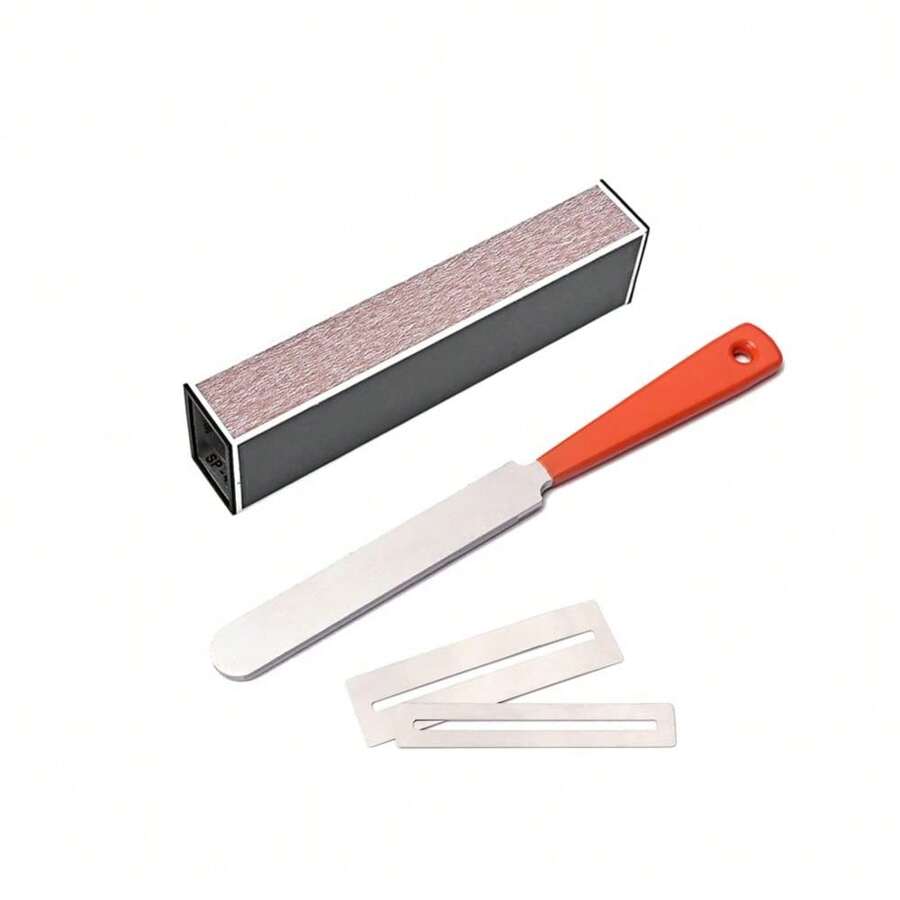 4-Piece Guitar Luthier Tool Set – Precision Fret File & Leveling Beam – Sanding Block & Fretboard Protector, Fretwork Repair & Maintenance Kit For Guitars Basses - As show - View 1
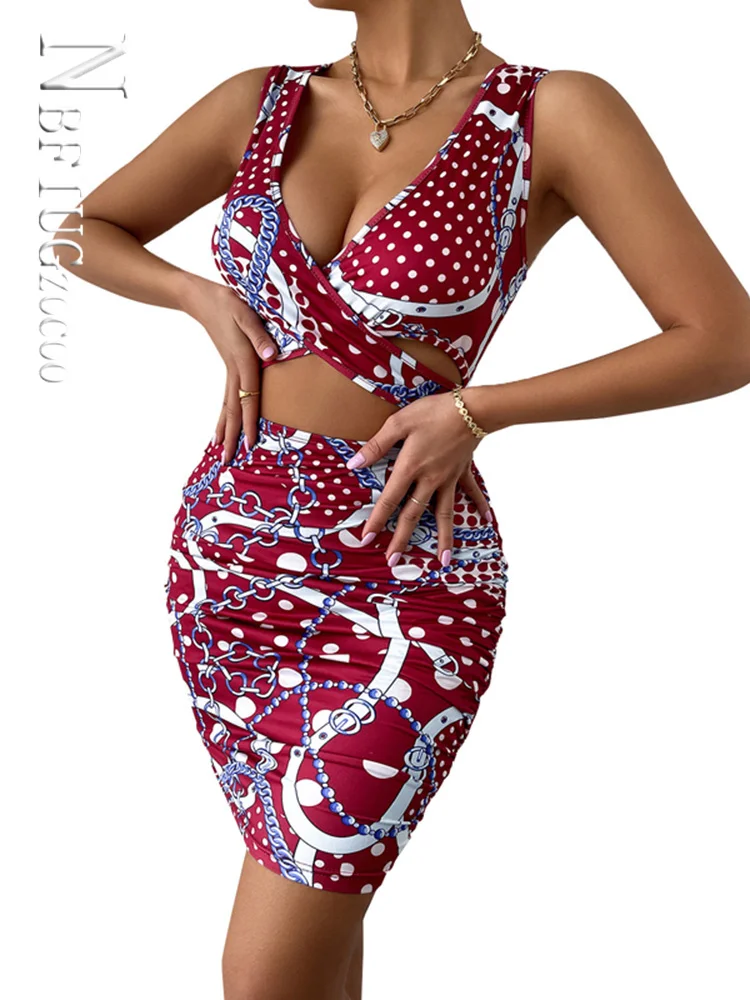 

Women V Neck Fashion Print Bodycon Dress Sleeveless Cutout Backless Club Party Dress Summer Wrapped Hip Mini Dresses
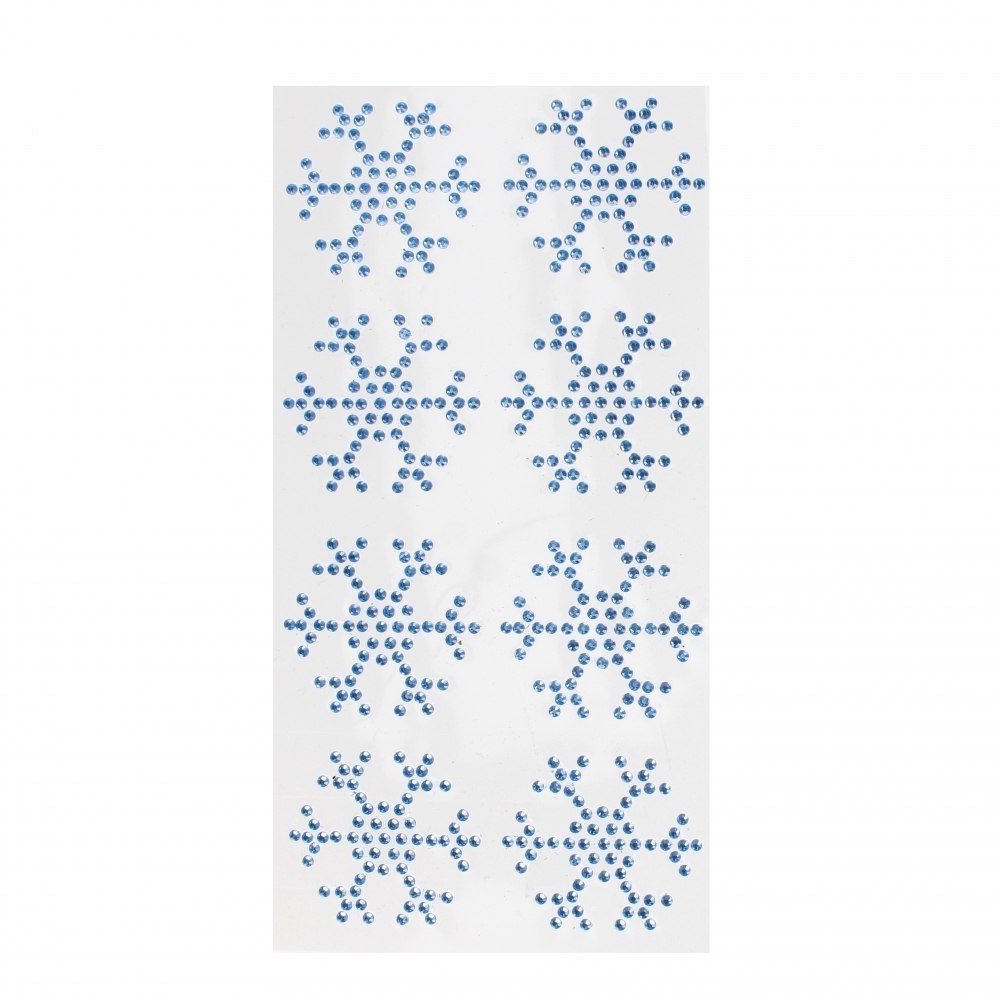 DECORATIVE SELF-ADHESIVE DECORATION SNOWFLAKE CRYSTALS PACK 8 PCS. CRAFT WITH FUN 501452 CRAFT WITH FUN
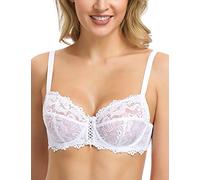 WingsLove Women's Floral Lace Bra Underwire Non Padded Soft Cup Full Coverage White 36C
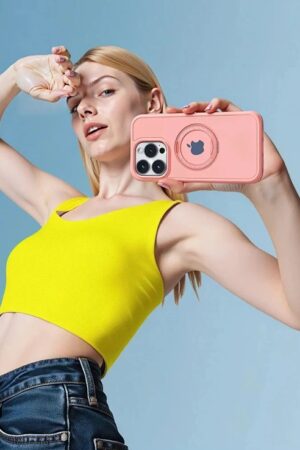 Chic & Functional – Stylish Pink Case with Magnetic Ring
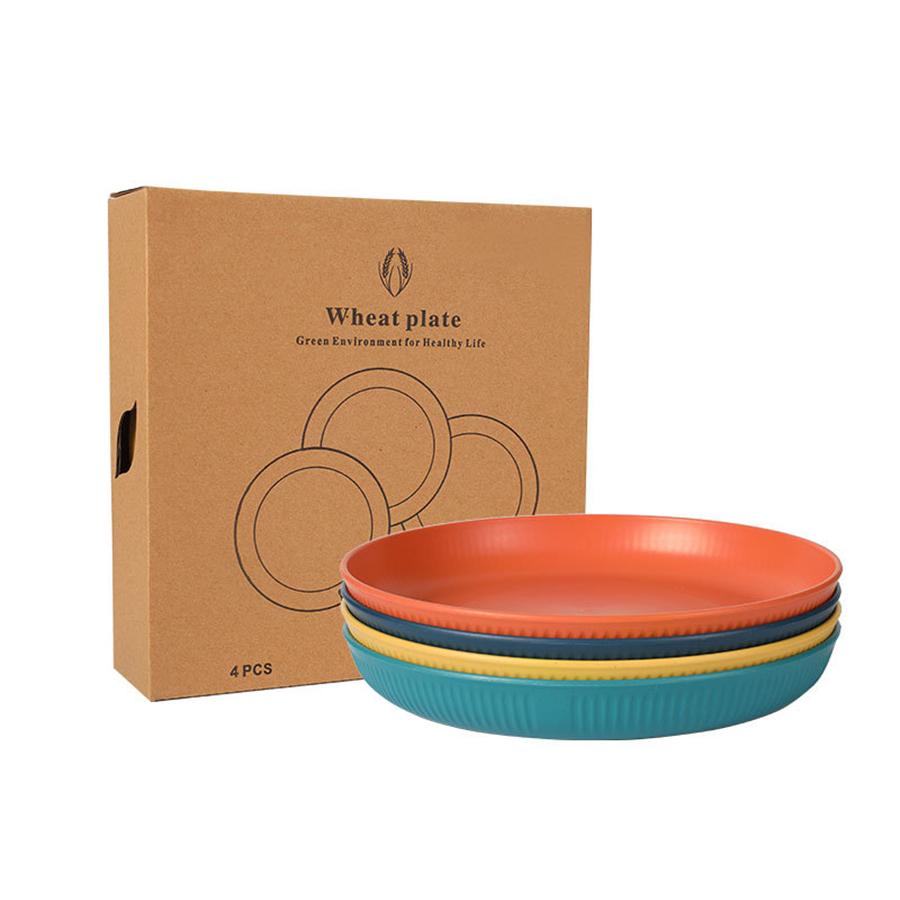 Wheat Straw Dinnerware Set Eco-friendly Safety Plates Cups Bowels Home Party Tableware Set Outdoor Camp Candy Colour Gift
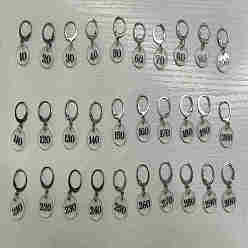 Прозрачный 30 шт. прозрачные акриловые плоские круглые маркеры петель с подвеской-цифрой, с 304 кольцами-подвесками для бокалов из нержавеющей стали, прозрачные, 3.8 см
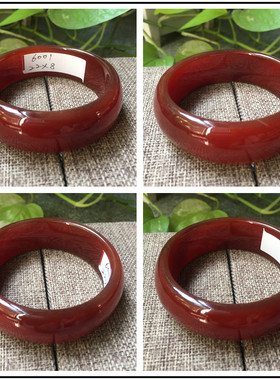 处理天然加宽加厚玛瑙手镯 实惠型玛瑙  红色手镯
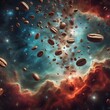 © Graphic ELE - Outer Space Coffee Beans - Unique and Imaginative Imagery of Coffee Beans Floating Weightlessly Among the Stars and Nebulae in Outer Space, Crafting an Unforgettable Cosmic Coffee Experience.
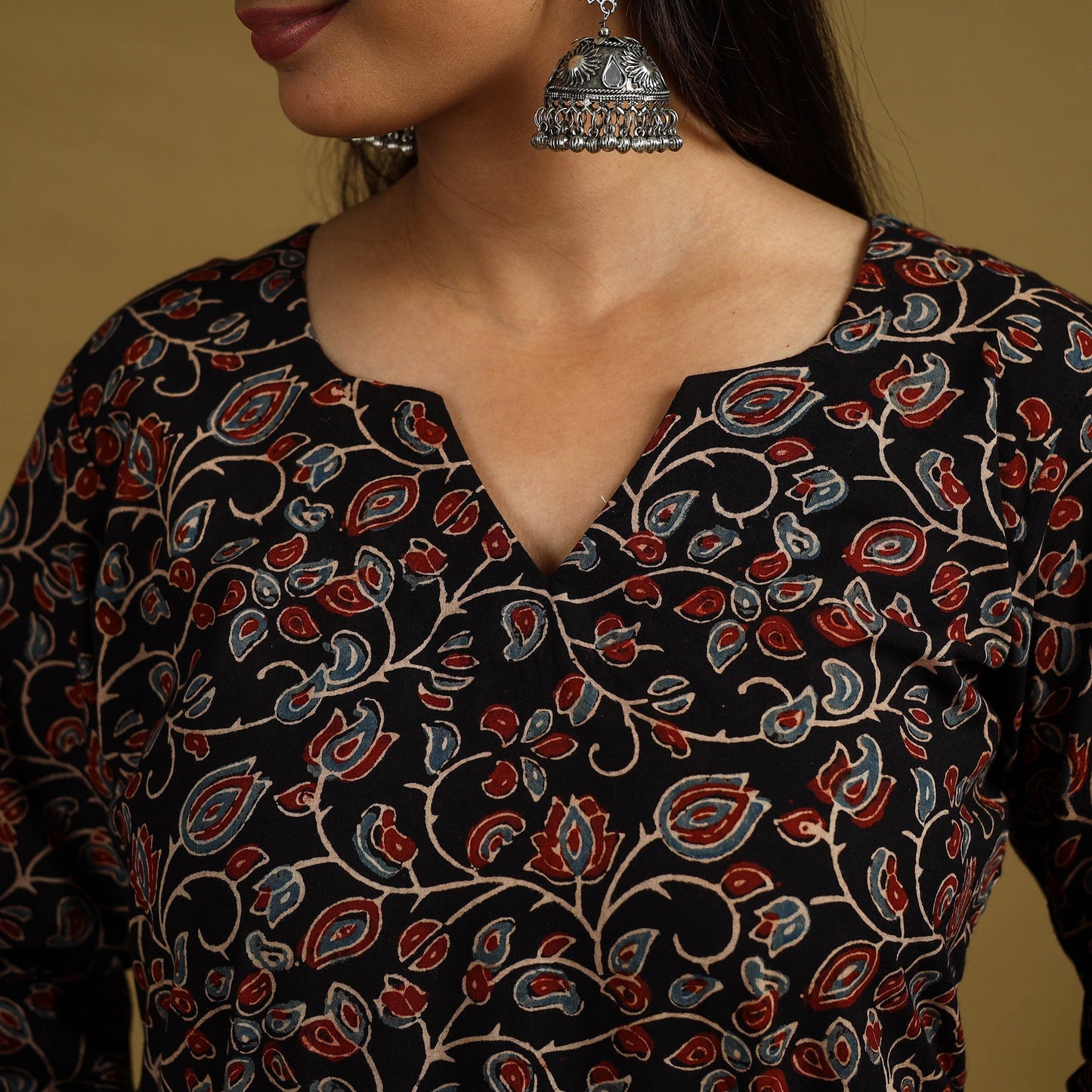 Black Block Print Cotton Ajrakh Kurta Set with Dupatta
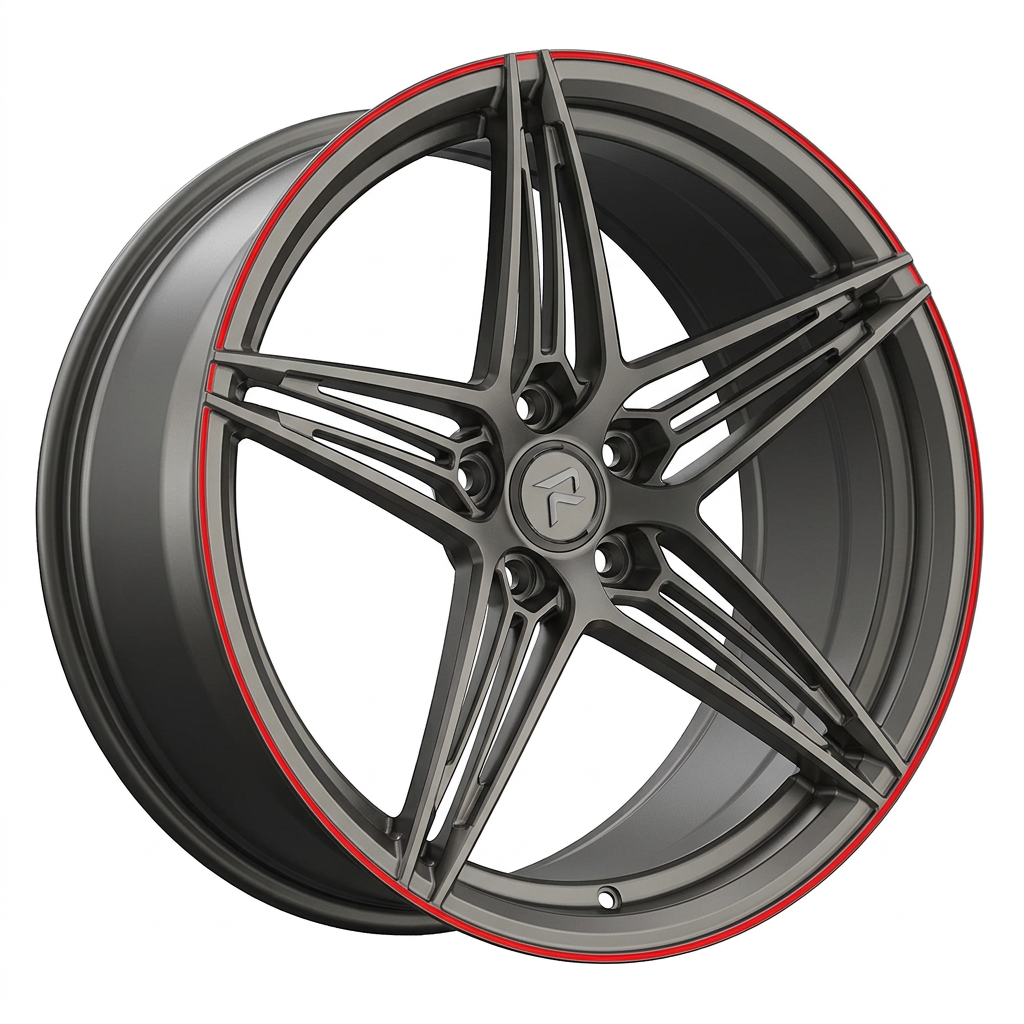 RZR LXXX forged wheel — Gunmetal / Red Pinstripe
☆ ☆ ☆
Everything from the line containing "DECORATIVE SELF-ADHESIVE DECORATION" to the last line of the listing above is to be written out exactly, except the pictures, and nothing else.

 DECORATIVE SELF-ADHESIVE DECORATION SNOWFLAKE CRYSTALS PACK 8 PCS. CRAFT WITH FUN 501452 CRAFT WITH FUN
 WingsLove Women's Floral Lace Bra Underwire Non Padded Soft Cup Full Coverage White 36C
 Chic & Functional – Stylish Pink Case with Magnetic Ring
 Wheat Straw Dinnerware Set Eco-friendly Safety Plates Cups Bowels Home Party Tableware Set Outdoor Camp Candy Colour Gift
 Прозрачный 30 шт. прозрачные акриловые плоские круглые маркеры петель с подвеской-цифрой, с 304 кольцами-подвесками для бокалов из нержавеющей стали, прозрачные, 3.8 см
 处理天然加宽加厚玛瑙手镯 实惠型玛瑙  红色手镯
 © Graphic ELE - Outer Space Coffee Beans - Unique and Imaginative Imagery of Coffee Beans Floating Weightlessly Among the Stars and Nebulae in Outer Space, Crafting an Unforgettable Cosmic Coffee Experience.
 Black Block Print Cotton Ajrakh Kurta Set with Dupatta
 RZR LXXX forged wheel — Gunmetal / Red Pinstripe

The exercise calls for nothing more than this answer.